Tomasz, pemburu kuda besi

Adi Windardi
Chapter #12

Bab 11_Terbukanya Kotak Simalakama.

  (Tengah malam, rumahnya Peggy sendiri, hujan deras).

Alarm pendeteksi sihir pun berbunyi, dengan suara mirip jeritan burung gagak yang memekakkan telinga membangunkan Peggy, Tomasz serta beberapa kawan barunya beranjak ke ruang ganti masing-masing. Tomasz memakai seragam polisi yang khusus didesain untuknya, karena ia adalah orang yang paling pendek sendiri. Dengan pakaian yang sesuai dengan SOP polisi sejati, ia keluar lengkap dengan celana panjang, sarung pistol, kemeja cokelat serta topi lambang kepolisian yang berwarna kuning keemasan. Ia menyisir rambutnya agar terlihat rapih dan bertemu dengan mereka di ruang meeting. Namun, ketika ia masuk ke ruang meeting dan melihat rekan-rekannya memakai pakaian yang santai, bahkan Peggy hanya memakai tank top mini yang hanya menutupi bagian atasnya saja dan membiarkan perutnya kelihatan dan dipertontonkan di depan Tomasz dan kawan-kawannya yang lain.

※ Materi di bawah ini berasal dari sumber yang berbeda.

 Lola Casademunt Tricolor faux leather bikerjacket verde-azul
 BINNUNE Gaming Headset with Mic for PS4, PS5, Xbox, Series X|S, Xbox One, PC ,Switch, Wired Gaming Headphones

“Waduh, sepertinya aku salah kostum! Heheh!” Celetuk Tomasz tersipu malu, apalagi ketika melihat pakaian Peggy yang seterbuka itu dan membuat fokusnya buyar.

“P-Peggy....” Tomasz mulai sempoyongan setelah tidak sengaja melirik udelnya Peggy dari jarak begitu dekat. Tubuhnya terkujur kaku dan ingin sekali meratapi tanah dan menciuminya karena tidak sengaja melirik udelnya Peggy. Ia tampak berkunang-kunang dan Jelita pun tak punya cara lain selain berusaha membangunkannya, gadis berkaki satu tersebut lalu menampar Tomasz karena ia terlihat lemas dan meminta... mengancam Tomasz untuk menyuruhnya push up, sesuatu yang Tomasz benci karena ia tidak pernah melakukan push up sejak lulus kuliah dan jadi kurir lepas, apalagi Tomasz baru saja melihat udelnya Peggy secara tidak sengaja.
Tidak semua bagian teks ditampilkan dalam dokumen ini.